Fidèle à ses principes, la grande dame du théâtre italien qu’est Emma Dante fait se dérouler le chef-d’œuvre de Mascagni dans un décor sombre et sobre, occupé seulement par trois structures amovibles représentant la façade d’une maison avec un escalier et un balcon. Elle dépeint une Sicile stylisée et haute en couleur avec ses nombreuses fêtes et processions, mais placée aussi sous le joug inflexible de la religion (avec de nombreuses croix qui descendent des cintres et une scène du calvaire représentée à plusieurs reprises par des figurants) et corsetée par des règles exigeant la soumission des femmes, sans oublier la chaleur qui accable les corps et les esprits. Dans ce carcan, Santuzza a beau essayer de lutter et de garder la tête haute, son combat est immanquablement voué à l’échec. Malheureusement, la distribution vocale, très moyenne, n’est pas à la hauteur de la réalisation scénique. Luttant avec de fâcheux problèmes d’intonation et des aigus serrés, Oksana Volkova n’en incarne pas moins une Santuzza digne et émouvante. Marcello Giordani est un Turiddu monochrome et sans nuances, chantant constamment en force. Melody Louledjian incarne une Lola plutôt fade, dont le chant a perdu son attrait habituel. Heureusement, Stefania Toczyska campe une Mamma Lucia particulièrement expressive et Roman Burdenko un Alfio jovial et sonore. Sous la baguette d’Alexander Joel, l’Orchestre de la Suisse Romande livre une prestation en demi-teinte: si les couleurs sont soyeuses, la formation ne s’embarrasse pas de nuances et couvre parfois les chanteurs.

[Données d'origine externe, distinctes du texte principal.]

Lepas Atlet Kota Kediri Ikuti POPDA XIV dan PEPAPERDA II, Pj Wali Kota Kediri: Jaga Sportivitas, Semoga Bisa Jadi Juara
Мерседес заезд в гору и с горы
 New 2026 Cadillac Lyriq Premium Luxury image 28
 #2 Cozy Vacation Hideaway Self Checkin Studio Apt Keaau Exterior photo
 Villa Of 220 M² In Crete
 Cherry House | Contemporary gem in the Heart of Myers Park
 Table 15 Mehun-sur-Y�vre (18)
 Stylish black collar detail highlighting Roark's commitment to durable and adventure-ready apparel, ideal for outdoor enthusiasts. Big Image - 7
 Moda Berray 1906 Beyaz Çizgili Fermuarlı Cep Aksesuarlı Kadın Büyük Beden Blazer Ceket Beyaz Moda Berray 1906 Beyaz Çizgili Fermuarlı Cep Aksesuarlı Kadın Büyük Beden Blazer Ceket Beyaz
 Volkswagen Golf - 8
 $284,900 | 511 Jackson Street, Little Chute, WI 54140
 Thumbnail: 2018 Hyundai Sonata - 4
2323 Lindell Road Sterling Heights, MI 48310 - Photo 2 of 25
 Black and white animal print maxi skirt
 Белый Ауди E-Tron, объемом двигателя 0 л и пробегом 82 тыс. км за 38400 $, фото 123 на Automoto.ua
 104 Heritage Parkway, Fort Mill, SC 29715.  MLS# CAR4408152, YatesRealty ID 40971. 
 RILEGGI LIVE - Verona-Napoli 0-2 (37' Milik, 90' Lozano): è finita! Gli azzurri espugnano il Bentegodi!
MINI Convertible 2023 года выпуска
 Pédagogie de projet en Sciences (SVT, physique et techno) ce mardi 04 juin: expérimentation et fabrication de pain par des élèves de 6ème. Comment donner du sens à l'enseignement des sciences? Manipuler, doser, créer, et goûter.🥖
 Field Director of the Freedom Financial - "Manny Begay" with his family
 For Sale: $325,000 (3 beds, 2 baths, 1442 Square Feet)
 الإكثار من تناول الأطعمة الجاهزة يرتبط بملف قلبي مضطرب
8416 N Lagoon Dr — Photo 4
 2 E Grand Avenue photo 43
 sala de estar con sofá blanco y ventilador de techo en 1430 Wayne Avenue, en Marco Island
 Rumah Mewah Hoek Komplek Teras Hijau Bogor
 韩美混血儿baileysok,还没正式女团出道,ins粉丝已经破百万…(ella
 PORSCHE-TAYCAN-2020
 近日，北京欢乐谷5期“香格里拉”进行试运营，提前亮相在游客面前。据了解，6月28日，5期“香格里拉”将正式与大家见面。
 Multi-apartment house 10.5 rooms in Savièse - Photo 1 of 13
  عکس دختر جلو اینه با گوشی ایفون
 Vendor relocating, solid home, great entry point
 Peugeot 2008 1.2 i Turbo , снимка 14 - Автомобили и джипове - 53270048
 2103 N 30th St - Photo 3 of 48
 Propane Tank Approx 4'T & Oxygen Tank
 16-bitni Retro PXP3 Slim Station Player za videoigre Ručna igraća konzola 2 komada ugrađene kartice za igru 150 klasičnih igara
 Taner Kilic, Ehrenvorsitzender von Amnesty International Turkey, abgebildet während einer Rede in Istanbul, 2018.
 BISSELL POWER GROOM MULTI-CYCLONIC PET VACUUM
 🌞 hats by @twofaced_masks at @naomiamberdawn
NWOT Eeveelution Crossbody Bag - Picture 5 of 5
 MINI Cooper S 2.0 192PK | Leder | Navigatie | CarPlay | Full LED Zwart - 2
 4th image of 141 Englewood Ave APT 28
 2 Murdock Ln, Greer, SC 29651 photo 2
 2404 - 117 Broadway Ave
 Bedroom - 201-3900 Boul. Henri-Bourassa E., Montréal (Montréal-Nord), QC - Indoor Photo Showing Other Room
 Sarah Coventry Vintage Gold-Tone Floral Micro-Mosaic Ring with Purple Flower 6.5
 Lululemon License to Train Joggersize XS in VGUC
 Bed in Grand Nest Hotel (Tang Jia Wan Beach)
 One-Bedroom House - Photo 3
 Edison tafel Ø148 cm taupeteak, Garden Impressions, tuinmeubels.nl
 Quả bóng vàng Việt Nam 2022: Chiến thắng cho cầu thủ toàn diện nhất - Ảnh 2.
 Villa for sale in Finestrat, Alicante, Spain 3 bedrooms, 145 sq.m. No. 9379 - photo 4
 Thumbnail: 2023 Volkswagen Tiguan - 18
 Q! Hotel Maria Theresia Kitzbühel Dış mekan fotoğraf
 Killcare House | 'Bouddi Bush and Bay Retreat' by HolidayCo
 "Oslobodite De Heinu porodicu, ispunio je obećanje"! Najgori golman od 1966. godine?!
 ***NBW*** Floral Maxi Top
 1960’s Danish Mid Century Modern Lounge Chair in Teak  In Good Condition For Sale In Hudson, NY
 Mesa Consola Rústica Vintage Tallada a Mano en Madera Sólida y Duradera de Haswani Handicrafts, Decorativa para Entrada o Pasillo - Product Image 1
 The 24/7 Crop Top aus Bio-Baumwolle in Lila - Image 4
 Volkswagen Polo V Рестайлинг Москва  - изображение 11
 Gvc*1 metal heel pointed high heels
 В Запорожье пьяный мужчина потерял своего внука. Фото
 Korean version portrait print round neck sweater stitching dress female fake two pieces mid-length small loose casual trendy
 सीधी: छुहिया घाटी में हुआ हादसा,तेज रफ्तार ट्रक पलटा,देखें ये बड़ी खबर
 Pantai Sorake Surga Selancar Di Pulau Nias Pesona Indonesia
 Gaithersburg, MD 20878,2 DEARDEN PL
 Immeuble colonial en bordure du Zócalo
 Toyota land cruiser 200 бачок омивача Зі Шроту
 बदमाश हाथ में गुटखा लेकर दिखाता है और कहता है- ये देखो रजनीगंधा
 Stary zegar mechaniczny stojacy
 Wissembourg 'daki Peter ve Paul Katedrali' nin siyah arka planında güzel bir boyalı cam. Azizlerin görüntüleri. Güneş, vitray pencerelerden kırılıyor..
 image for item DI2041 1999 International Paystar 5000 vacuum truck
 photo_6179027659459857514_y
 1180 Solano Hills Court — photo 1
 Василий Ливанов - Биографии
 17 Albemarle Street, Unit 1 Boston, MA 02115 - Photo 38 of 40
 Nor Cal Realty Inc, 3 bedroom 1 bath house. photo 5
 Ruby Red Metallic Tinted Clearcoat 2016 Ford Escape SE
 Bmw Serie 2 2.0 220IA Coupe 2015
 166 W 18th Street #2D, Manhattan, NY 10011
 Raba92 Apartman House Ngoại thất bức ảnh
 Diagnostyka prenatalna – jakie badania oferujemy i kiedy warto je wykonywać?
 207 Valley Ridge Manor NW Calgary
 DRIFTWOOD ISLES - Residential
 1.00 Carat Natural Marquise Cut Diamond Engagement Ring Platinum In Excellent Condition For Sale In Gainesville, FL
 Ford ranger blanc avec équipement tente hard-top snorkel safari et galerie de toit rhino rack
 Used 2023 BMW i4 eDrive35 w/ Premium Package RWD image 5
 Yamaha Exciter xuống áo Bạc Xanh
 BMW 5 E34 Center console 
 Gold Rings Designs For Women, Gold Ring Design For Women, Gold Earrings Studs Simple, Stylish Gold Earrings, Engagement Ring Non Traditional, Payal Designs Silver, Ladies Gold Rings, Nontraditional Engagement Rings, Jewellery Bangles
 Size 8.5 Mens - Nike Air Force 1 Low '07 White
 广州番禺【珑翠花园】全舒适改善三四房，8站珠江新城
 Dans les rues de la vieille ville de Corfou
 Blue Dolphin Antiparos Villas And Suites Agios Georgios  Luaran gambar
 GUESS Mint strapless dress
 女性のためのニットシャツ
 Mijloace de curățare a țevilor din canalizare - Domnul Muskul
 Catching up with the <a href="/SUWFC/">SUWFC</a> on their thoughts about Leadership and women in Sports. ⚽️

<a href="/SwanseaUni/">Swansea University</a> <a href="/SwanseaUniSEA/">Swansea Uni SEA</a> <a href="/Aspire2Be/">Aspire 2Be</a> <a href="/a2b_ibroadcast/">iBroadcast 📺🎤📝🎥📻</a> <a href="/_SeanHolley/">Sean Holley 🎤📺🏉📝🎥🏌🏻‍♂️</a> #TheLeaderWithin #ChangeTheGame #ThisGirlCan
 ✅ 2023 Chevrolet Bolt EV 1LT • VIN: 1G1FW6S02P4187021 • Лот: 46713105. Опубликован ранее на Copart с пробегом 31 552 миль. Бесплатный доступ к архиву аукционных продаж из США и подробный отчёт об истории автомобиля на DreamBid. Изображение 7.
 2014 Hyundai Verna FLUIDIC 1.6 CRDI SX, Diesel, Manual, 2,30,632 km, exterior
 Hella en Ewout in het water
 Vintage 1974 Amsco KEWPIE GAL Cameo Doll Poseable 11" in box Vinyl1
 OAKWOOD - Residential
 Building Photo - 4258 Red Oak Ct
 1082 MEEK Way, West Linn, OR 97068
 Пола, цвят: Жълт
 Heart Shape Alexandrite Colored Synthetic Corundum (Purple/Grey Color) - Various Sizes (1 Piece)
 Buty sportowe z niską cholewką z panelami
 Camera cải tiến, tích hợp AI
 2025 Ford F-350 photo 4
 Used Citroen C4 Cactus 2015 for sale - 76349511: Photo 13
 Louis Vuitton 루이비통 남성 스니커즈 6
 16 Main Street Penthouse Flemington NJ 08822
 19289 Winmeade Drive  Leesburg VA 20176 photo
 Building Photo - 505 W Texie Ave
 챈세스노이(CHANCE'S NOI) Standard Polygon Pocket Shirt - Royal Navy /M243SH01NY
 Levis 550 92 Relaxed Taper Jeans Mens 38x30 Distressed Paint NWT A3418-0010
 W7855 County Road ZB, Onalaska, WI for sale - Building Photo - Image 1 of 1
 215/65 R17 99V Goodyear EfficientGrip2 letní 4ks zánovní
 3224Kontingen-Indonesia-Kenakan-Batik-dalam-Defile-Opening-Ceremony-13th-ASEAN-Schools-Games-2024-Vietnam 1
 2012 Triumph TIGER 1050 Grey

A la noirceur de Cavalleria rusticana font écho la lumière et les couleurs de Pagliacci dans une production imaginée par Serena Sinigaglia. Sur le plateau laissé nu par sa consœur, elle place des techniciens qui installent, au centre de la scène, des tréteaux sur lesquels va se jouer le drame. La direction d’acteurs est minutieusement réglée; ici aussi, tout tourne autour du personnage féminin principal, Nedda en l’occurrence, qui se retrouve seule sur scène au rideau final. La distribution est cette fois de très haut niveau. Elle est emmenée par la superbe Nedda de Nino Machaidze, à la voix très bien conduite sur toute la tessiture et au timbre lumineux et idéalement projeté. On admire aussi la vaillance de Diego Torre, Canio aux accents ardents et lumineux, à défaut d’être nuancé. Markus Werba incarne un Silvio stylé et Roman Burdenko fait à nouveau forte impression. Malgré quelques réserves, le binôme imaginé par le Grand Théâtre de Genève est une réussite.